More Miscarriages of Justice Compensation – Allen v UK


We looked at the way that the Court of Appeal dealt with deciding whether victims of miscarriages of justice should be compensated in various cases (including Barr George) earlier in 2013.

It was widely reported on 12th July 2013 that Lorraine Allen lost her bid in the ECHR to be compensated after serving a three year sentence for the manslaughter of her son. She was convicted in September 2000 and sent to prison. Her conviction was quashed in 2005 (long after she had served her sentence) on the grounds that the medical knowledge relating to ‘shaken baby syndrome’ had moved on since then and there were alternative explanations for the injuries.

The Court of Appeal did not order a re-trial (which is not unusual in a case where someone has served their sentence in full).



Ms Allen applied for compensation under the scheme in place at the time (again, fuller details in this post). This failed in the UK, in part because there was no ‘new fact’ – just a re-evaluation of the medical evidence. Further, Ms Allen could not establish her innocence.

She took her case to the ECHR arguing that to deny her compensation put the UK in breach of its obligations under Art 6(2) European Convention – “Everyone charged with a criminal offence shall be presumed innocent until proved guilty according to law“. Ms Allen was not complaining that the refusal or compensation per se was a violation of the presumption of innocence, just that in her particular case the reasoning of the English Court of Appeal when they refused compensation was in such terms as to cast doubt in her innocence.  v

The ECHR stated the principles to be applied: “the presumption of innocence means that where there has been a criminal charge and criminal proceedings have ended in an acquittal, the person who was the subject of the criminal proceedings is innocent in the eyes of the law and must be treated in a manner consistent with that innocence.

What did that mean in Ms Allen’s case? The ECHR is a review Court – their job is to review the decision of the Court of Appeal (in this case) to see whether its decision is within the margins of what is permissible. Here, they concluded that the Court of Appeal stayed well within that margin and, therefore, that the appeal had to be dismissed.

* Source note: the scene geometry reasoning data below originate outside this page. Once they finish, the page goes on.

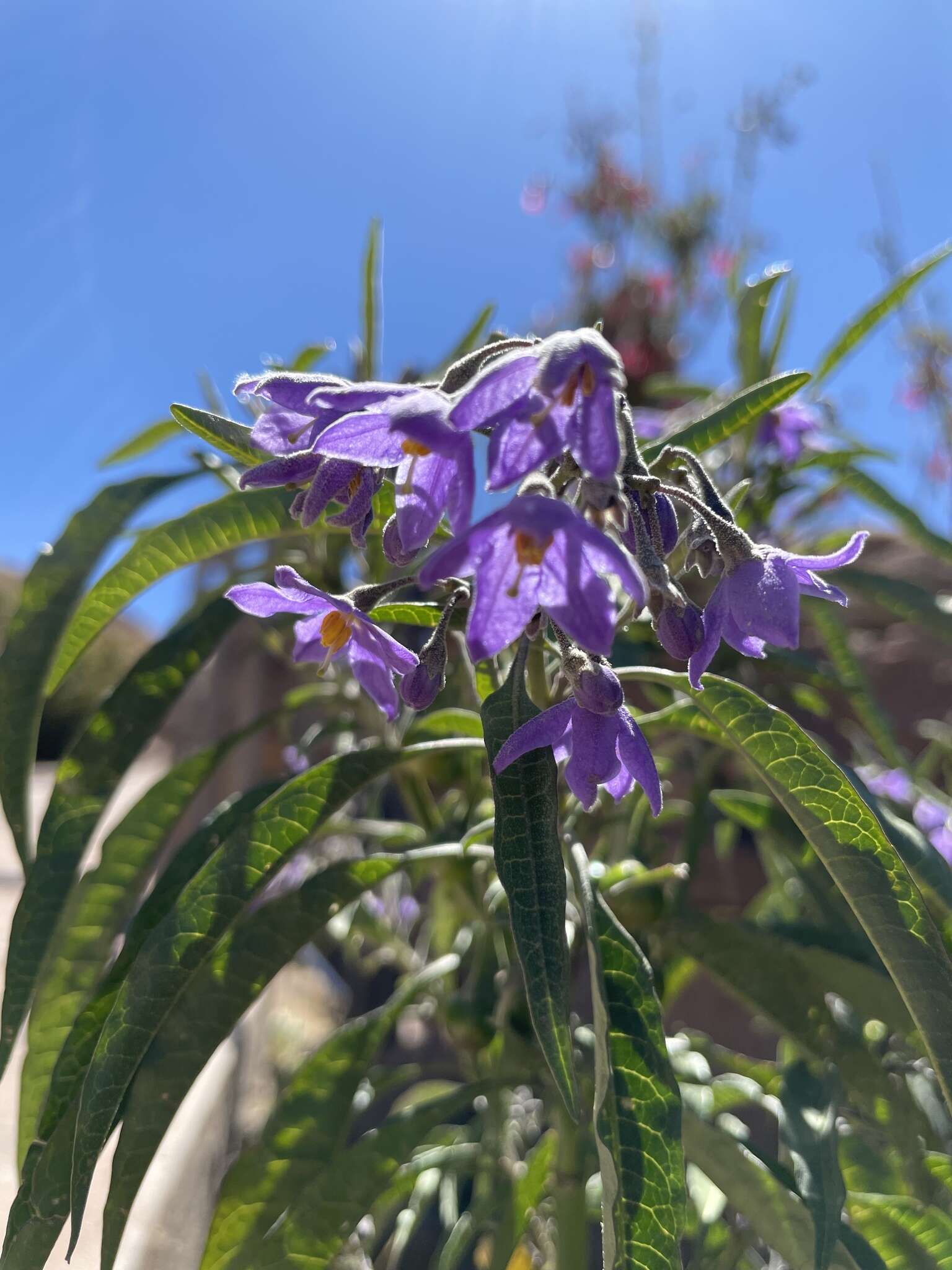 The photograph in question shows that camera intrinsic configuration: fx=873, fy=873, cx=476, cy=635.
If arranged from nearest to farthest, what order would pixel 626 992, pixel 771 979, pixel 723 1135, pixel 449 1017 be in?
pixel 626 992 → pixel 723 1135 → pixel 771 979 → pixel 449 1017

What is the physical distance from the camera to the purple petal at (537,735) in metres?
0.62

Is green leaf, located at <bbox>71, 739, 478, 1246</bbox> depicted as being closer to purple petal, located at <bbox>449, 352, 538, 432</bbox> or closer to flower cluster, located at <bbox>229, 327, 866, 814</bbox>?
flower cluster, located at <bbox>229, 327, 866, 814</bbox>

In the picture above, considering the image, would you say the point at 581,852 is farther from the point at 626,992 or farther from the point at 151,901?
the point at 151,901

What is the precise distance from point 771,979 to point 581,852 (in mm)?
297

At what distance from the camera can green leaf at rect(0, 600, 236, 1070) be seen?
0.86m

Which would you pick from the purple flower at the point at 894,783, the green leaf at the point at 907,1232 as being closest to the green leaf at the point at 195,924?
the green leaf at the point at 907,1232

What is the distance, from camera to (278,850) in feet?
2.54

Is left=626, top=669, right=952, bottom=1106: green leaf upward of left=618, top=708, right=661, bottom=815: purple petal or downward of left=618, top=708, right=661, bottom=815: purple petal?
downward

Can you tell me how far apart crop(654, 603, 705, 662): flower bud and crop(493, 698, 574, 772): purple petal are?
9 centimetres

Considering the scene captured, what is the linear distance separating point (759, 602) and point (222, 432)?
479mm

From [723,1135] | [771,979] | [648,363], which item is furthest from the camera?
[648,363]

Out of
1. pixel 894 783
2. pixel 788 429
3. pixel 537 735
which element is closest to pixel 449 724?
pixel 537 735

It is important to note that the ECHR analysed the question by considering the Court of Appeal’s role when set against the statutory test, not whether the statutory test was unlawful of itself. What I mean by that is that the Court of Appeal has to go through the questions that are set out in  s133 Criminal Justice Act 1988 and give reasons for their conclusion.

The ECHR then looked at the answers they gave and the language they used, they did not look at whether the questions that they are told to ask are the right ones. It may be that they come back to that another day.

As noted in the previous post, this area gives rise to some pretty complicated issues. It seems to me, however, that when the state takes away someone’s liberty, and they do so wrongly, they should have to compensate the individual for that. There will be people who ‘get away with it’ as a consequence, but I would rather that there were unmeritorious cases of people getting compensation than people who are innocent, and have had their lives torn apart by the state, not being given any recompense for that.